DATA PROVIDED:
____

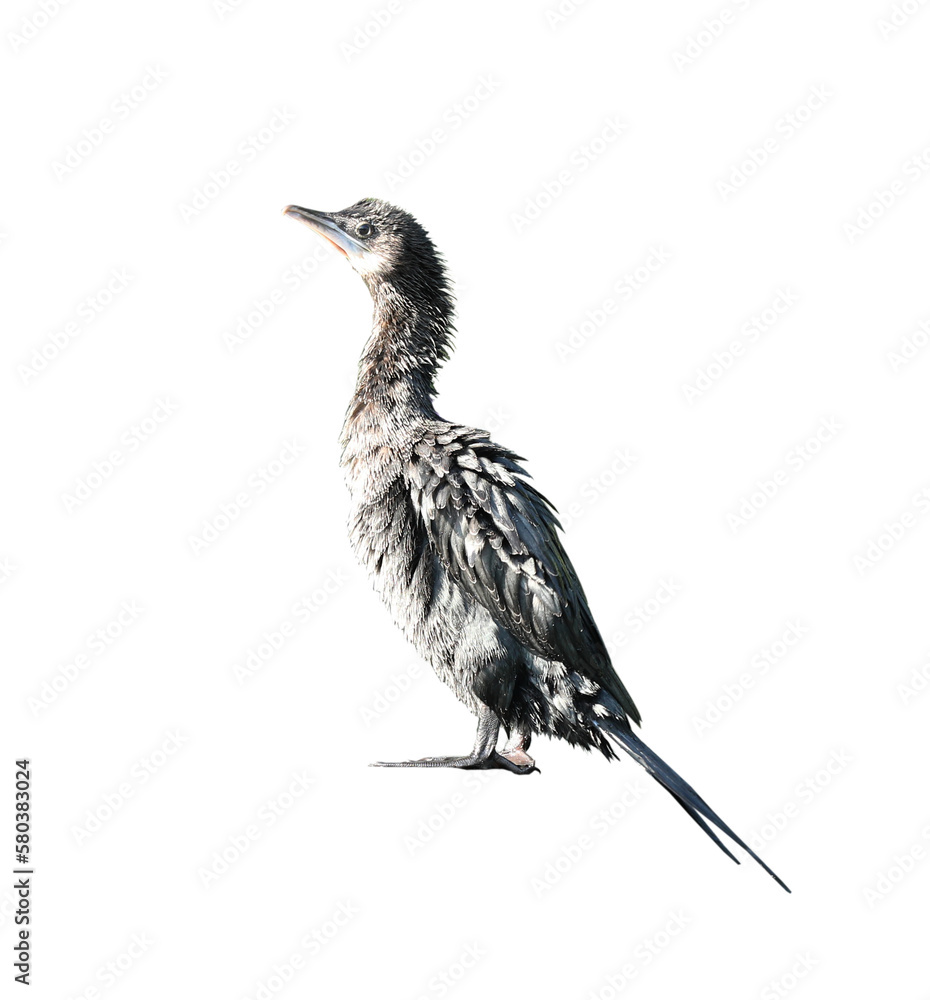 Fototapeta premium Little cormorant or Javanese cormorant on transparent background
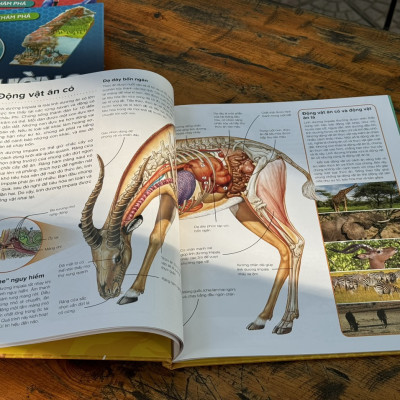 (Bìa cứng) COMBO 5 CUỐN HÀNH TRÌNH KHÁM PHÁ: MÔI TRƯỜNG, ĐỘNG VẬT, THỰC VẬT, CÔN TRÙNG, CƠ THỂ CON NGƯỜI_Tân Việt - NXB Mỹ Thuật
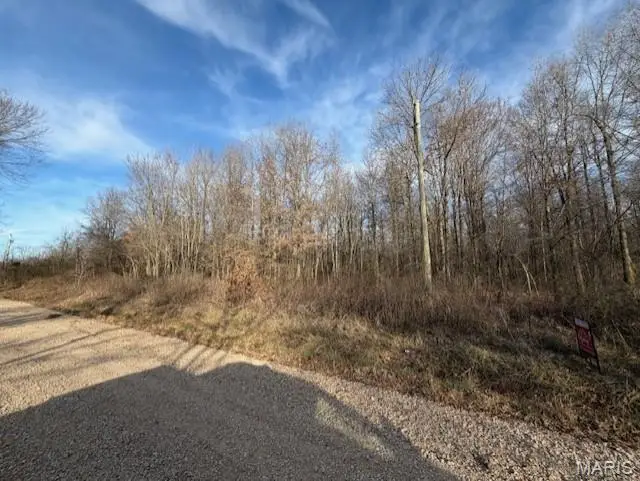 0 N County Road 338, Harviell, MO 63945 - Image #2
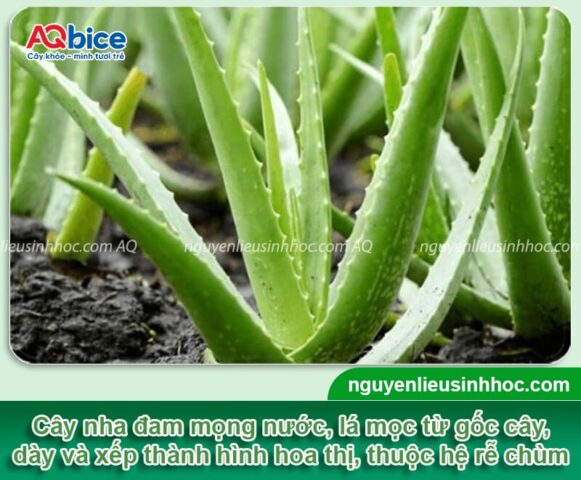 cách chăm cây nha đam: Hướng Dẫn Chi Tiết Trồng Và Duy Trì Cây Lô Hội Khỏe Mạnh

____

YOUR OBJECTIVE:
Strip out the pictures and quote the remaining data word for word.

FINISHED TASK:
 Fototapeta premium Little cormorant or Javanese cormorant on transparent background
 (Bìa cứng) COMBO 5 CUỐN HÀNH TRÌNH KHÁM PHÁ: MÔI TRƯỜNG, ĐỘNG VẬT, THỰC VẬT, CÔN TRÙNG, CƠ THỂ CON NGƯỜI_Tân Việt - NXB Mỹ Thuật
 0 N County Road 338, Harviell, MO 63945 - Image #2
 cách chăm cây nha đam: Hướng Dẫn Chi Tiết Trồng Và Duy Trì Cây Lô Hội Khỏe Mạnh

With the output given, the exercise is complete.